======== INFORMATION SHOWN ========
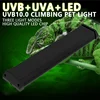 UVA+UVB Reptile Lamp Full Spectrum LED Light Lizard Supplies Turtle Sunbathe Heat Lamp Amphibians Supplement Calcium Light 4-12W 1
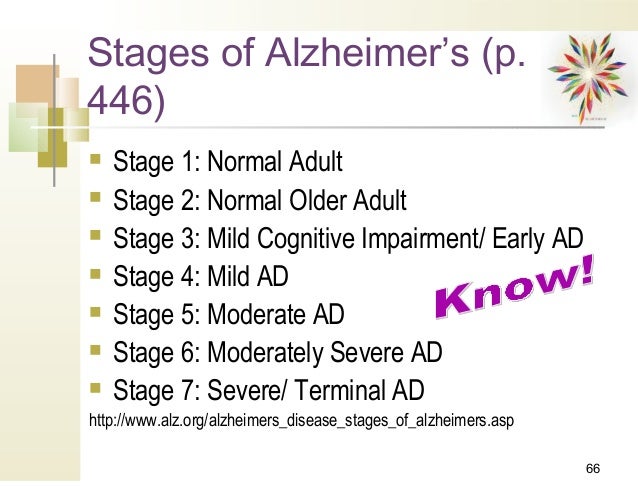 Pallium Resource App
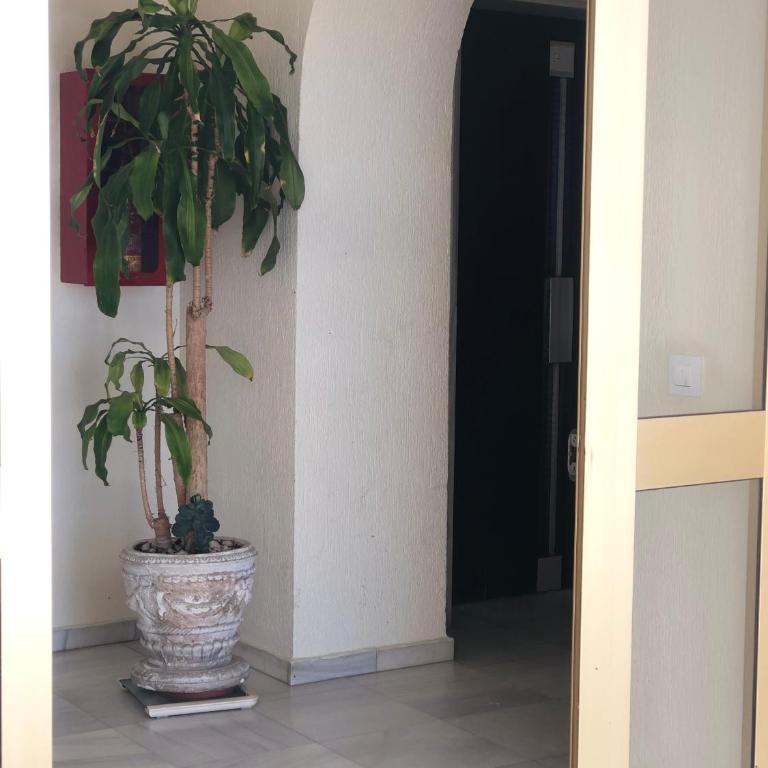 Valdelagrana vistas al mar, piscinas primera linea cadiz - Apartamento de 1 dormitorio - 43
========
• [WHAT IS REQUIRED]: Each line from the line containing "Pallium Resource App" through the last line above must be written out exactly, and every picture must be omitted.

• [YOUR RESPONSE]:
 Pallium Resource App
 Valdelagrana vistas al mar, piscinas primera linea cadiz - Apartamento de 1 dormitorio - 43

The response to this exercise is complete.